Consumer incomes in Ireland are set to stabilise over the course of 2012 following two years of significant declines, according to figures released today.
IBEC, a group that represents businesses in the Republic of Ireland, found in its Irish Consumer Monitor that mortgaged households will be â‚¬700 (£562) better off per annum, thanks to recent interest rate cuts from the European Central Bank and a further possible 0.5 per cent cut in the coming months.
This news will be welcomed by the debt-hit country and the IBEC has launched a campaign aimed at restoring domestic demand and boosting spending during this economically unpredictable time.
Following the analysis of consumer spending relating to consumer trends, IBEC Chief Economist Fergal O‘Brien said: “The main cause of the unemployment crisis is the lack of consumer confidence and weak domestic demand.
“Getting people back to work is the priority, but to do this we need a return to more normal, sustainable consumer spending levels.
“There are some positive signs domestically, but eurozone worries continue to unnerve consumers.”
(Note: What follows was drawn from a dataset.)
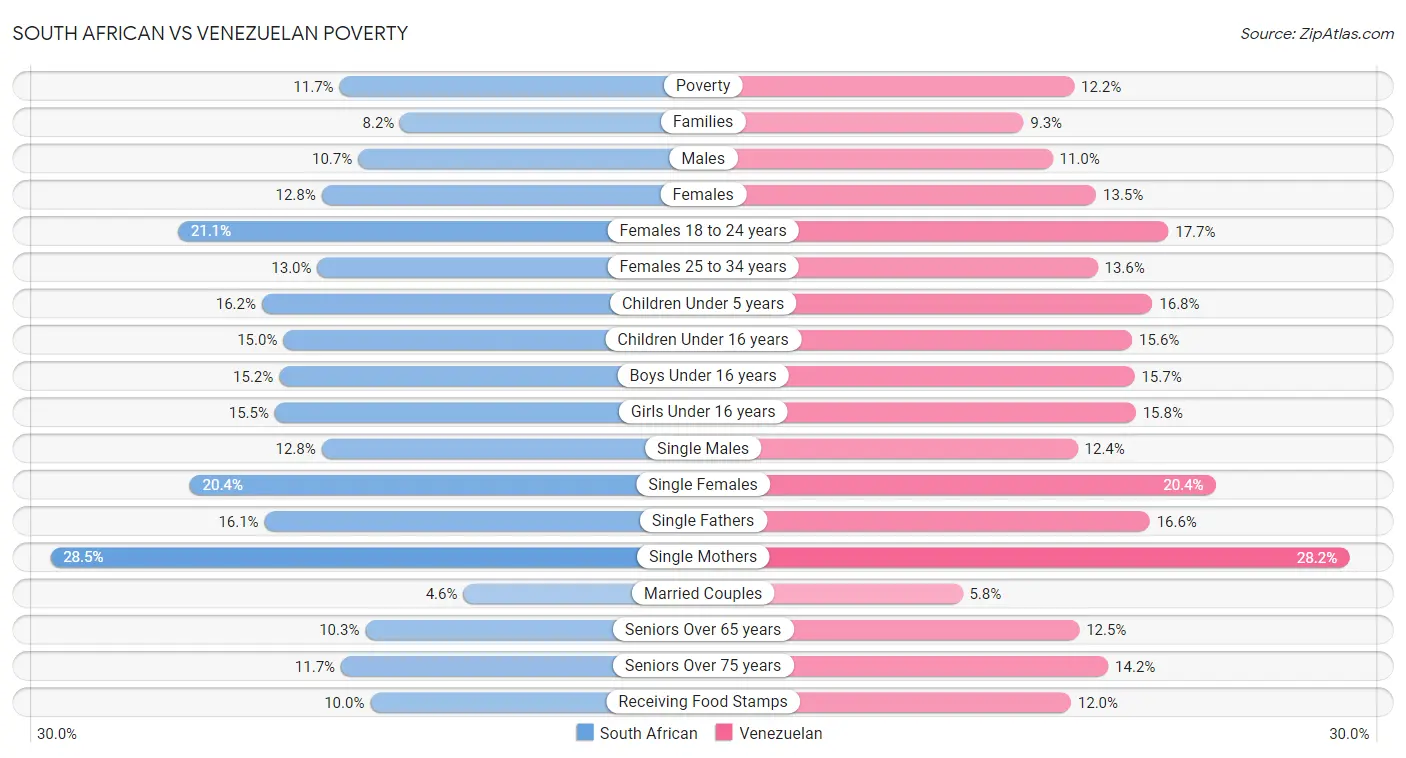 South African vs Venezuelan Poverty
While mortgaged working households will see spending power rise by 2.4 per cent over the rest of the year, economic fragility remains a concern as other groups are set to see a spending decline of 0.8 per cent to 3.7 per cent over the period.
As such, the IBEC has put forward a number of proposals to kick-start the Irish economy and calls on the Government to implement changes.
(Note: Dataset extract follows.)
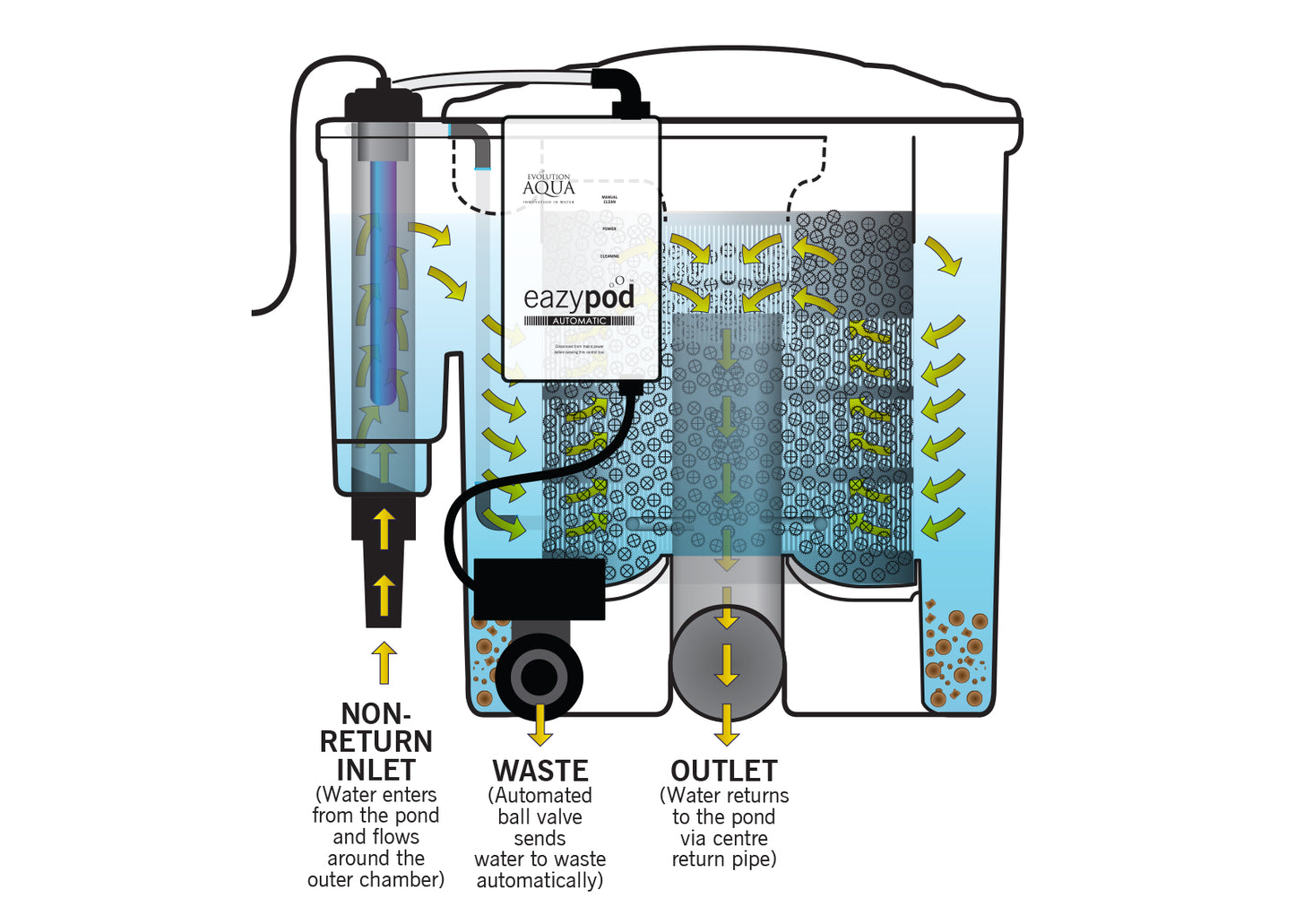 Evolution Aqua EZYPod Auto with UV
Tax incentives should be implemented to encourage the public to take part in home renovation, moving work from the informal to the formal economy according to the group, while updates to the social welfare system and a reform on pension rules have also been suggested to improve domestic funds.
“The Government‘s approach to reviving activity in the domestic economic needs to be tailored to reflect the different types of consumer and their different circumstances,” O‘Brien explained.
“New thinking and greater ambition is needed. There are practical steps the Government can take to support activity in the domestic economy, even in the face of constrained public finances.”